Não há palavra pública imune a críticas, nem autoridades capazes de impor silêncio absoluto

Atualização:

Convidado a participar de um evento acadêmico sobre a crise política, coube-me, entre outras questões, discutir o impacto das novas tecnologias de comunicação e o papel da imprensa. O convite levou-me a recuperar a introdução que escrevi para um pequeno livro sobre política e jornalismo, editado na virada dos anos 70 para os anos 80, quando os governos militares distribuíam notas secas aos jornais comunicando o que não podia ser publicado. No texto afirmei que a liberdade de imprensa sempre enfrentou ameaças ao longo da História, sobrevivendo a todas elas. Também disse que, por mais que o espírito de liberdade sobreviva sob os mais opressores regimes políticos, as pressões contra ele não desaparecem.

Na época em que escrevi o prefácio, a preocupação era com os temas da mentira e da censura, comuns aos períodos históricos em que os jornais são obrigados a divulgar não sua leitura dos acontecimentos, mas sinopses oficiais. Inspirado em Hannah Arendt, lembrei que o problema da mentira é que ela só é eficiente quando o mentiroso sabe a verdade que quer esconder. O campo da política é o do pensamento plural e seu terreno não é o da evidência, dizia ela, mas o do acordo e do consentimento, que pressupõem liberdade, participação, conflito, diálogo e negociação. Como o pensamento político é eminentemente representativo, consentimento sem liberdade é viciado e acordo sem conflito é escamoteação ideológica. Ainda nessa linha de raciocínio, política e jornalismo são atividades que se implicam e só se articulam quando existe um mundo público e, por extensão, um campo para o exercício da liberdade. Quando a hipocrisia, o conformismo e enviesamentos ideológicos se sobrepõem ao vigor moral, à participação e à crença na dignidade humana, é preciso buscar o sentido do espírito de liberdade, que se expressa por independência, combatividade e poder de crítica.
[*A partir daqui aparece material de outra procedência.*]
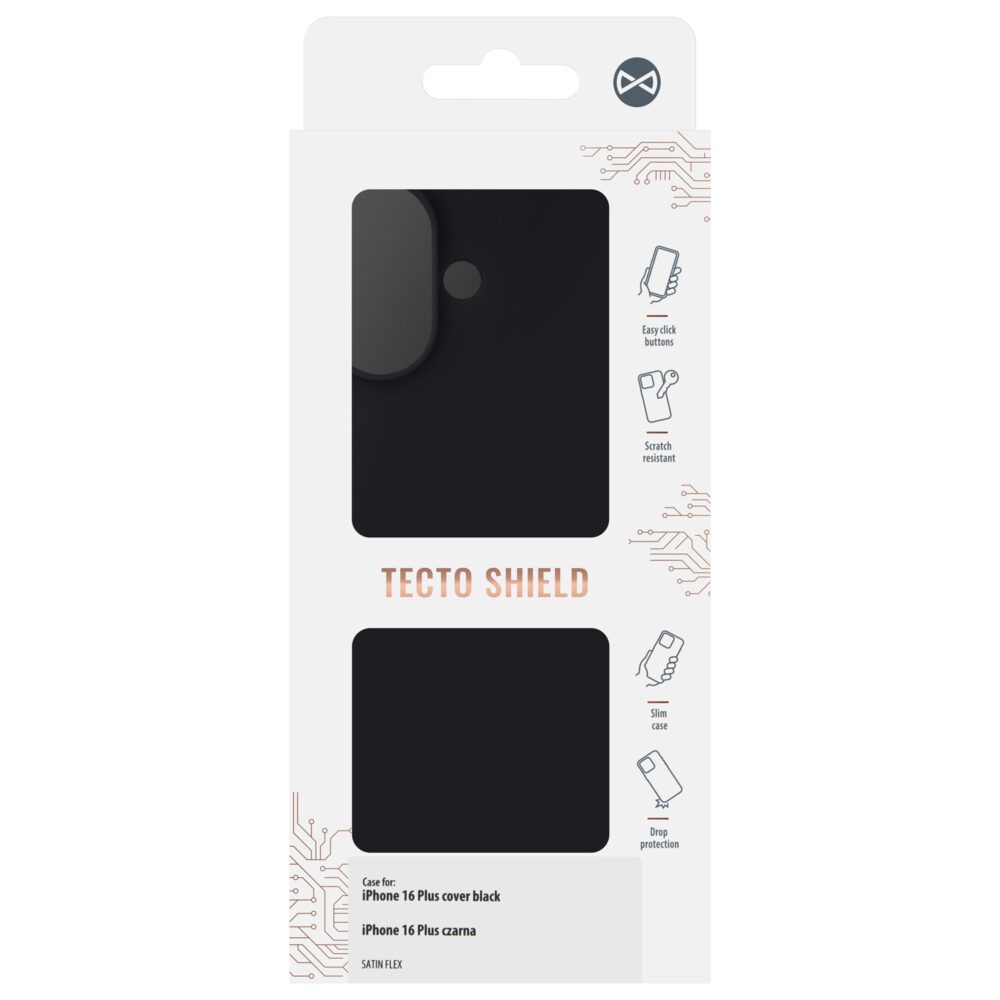 Satin Flex iPhone 16 Plus cover black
Relendo aquele texto, escrito quando não havia internet e os movimentos sindicais e estudantis recorriam ao mimeógrafo para divulgar opiniões, fica claro que a imprensa exercia um papel que hoje é ameaçado pelas novas tecnologias de comunicação. Em outras palavras, jornais e revistas supervisionavam as fronteiras entre o espaço público e os espaços sociais, entre as conversações e as informações. O espaço público tradicional relegava à sociedade a função de audiência, filtrando informações e opiniões. Com a internet, concebida não para que um emissor se dirija a uma massa acrítica de receptores, mas para facilitar e agilizar as comunicações entre eles, a verticalidade entre jornalistas e leitores vem sendo substituída por novas formas de relações entre o mundo das conversações e o mundo das informações. Dito de outro modo, a verticalidade entre jornalistas e sua audiência cedeu lugar a redes de comunicação que horizontalizaram o espaço público. A internet propiciou assim uma significativa ampliação do espaço público, que cada vez menos é filtrado por jornalistas e políticos profissionais. Como lembra Daniel Innerarity, da London School of Economics, em seus ensaios sobre a política em “tempos de indignação”, não há nenhuma palavra pública imune a críticas, nem autoridades governamentais capazes de impor o silêncio absoluto.
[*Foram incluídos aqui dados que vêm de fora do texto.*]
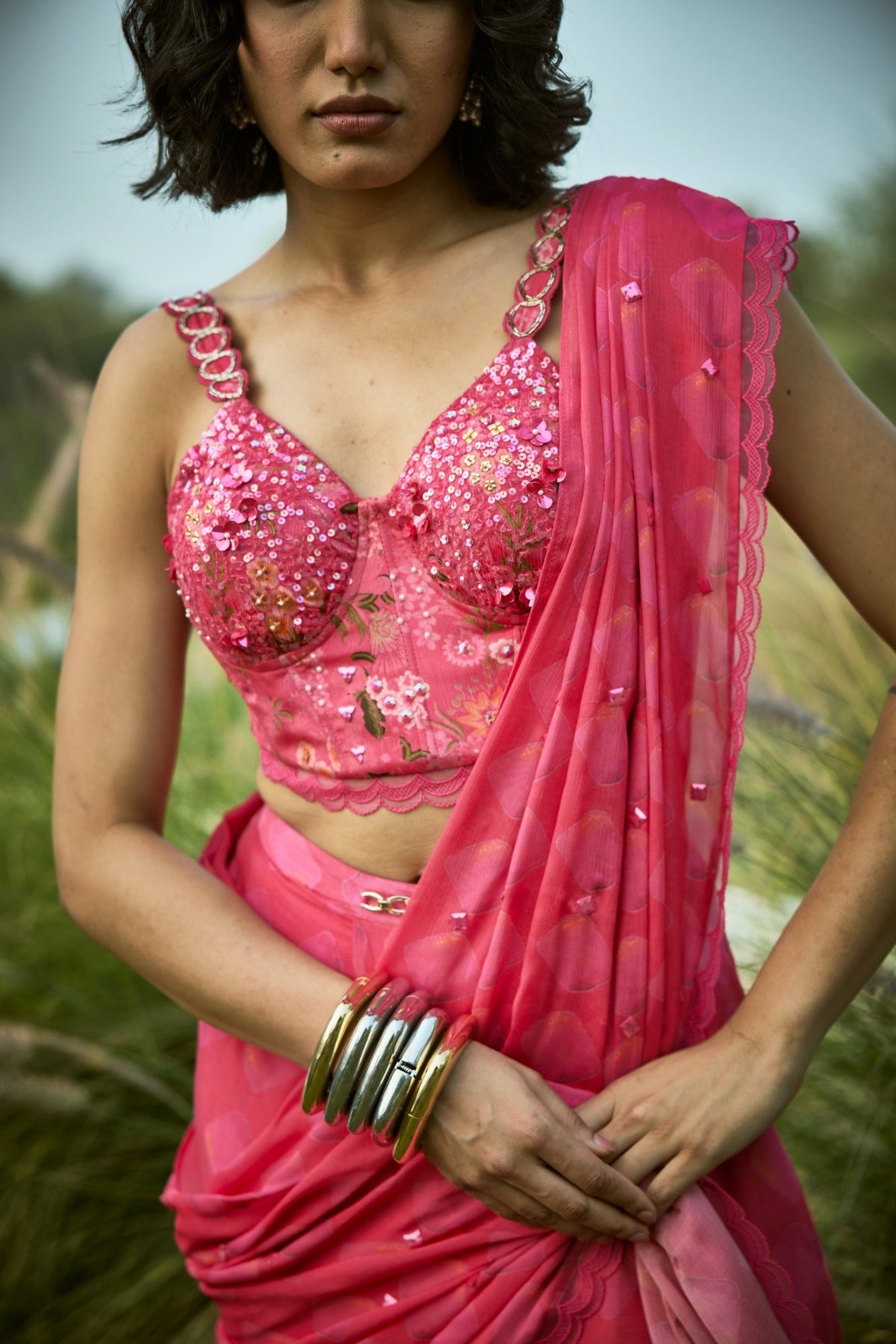 Pink embroided Pre- Draped saree and blouse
No lado positivo, esse processo multiplica o intercâmbio de opiniões e amplia o campo do debate democrático, oferecendo amplas possibilidades para a transformação da política. No lado negativo, ele não é imune a todo e qualquer tipo de risco, como difusão de mentiras e difamações, achaques a reputações, desmoralização de adversários e os perigos da personalização dos conteúdos por parte dos sites de buscadores, como o Google. À medida que esses sites conhecem as preferências dos usuários e se empenham em oferecer serviços sob medida para seus gostos sociais, inclusive notícias e resultados de pesquisas, a internet intensifica de tal modo suas preferências que eles acabam não tendo acesso a opiniões diferentes nem recebendo informações que poderiam desafiar ou alargar, de forma crítica, suas visões de mundo.

Além da horizontalização do espaço público, as redes sociais viabilizadas pela internet são descentralizadas, dada a conectividade entre entidades estudantis, movimentos sociais e coletivos, a proliferação das chamadas organizações de “perímetro aberto – com facilidade de entrar e de sair e com critérios porosos de pertencimento – e o questionamento contínuo das autoridades hierarquizadas do poder público, disseminando, estimulando a ideia de auto-organização. Pelas críticas, controles recíprocos e troca incessante de informações em tempo real, muitos participantes das redes sociais creem na possibilidade de uma vida em grupo sem a necessidade de uma autoridade central – o que tem sido visto nas ocupações de escolas públicas por estudantes do ensino médio.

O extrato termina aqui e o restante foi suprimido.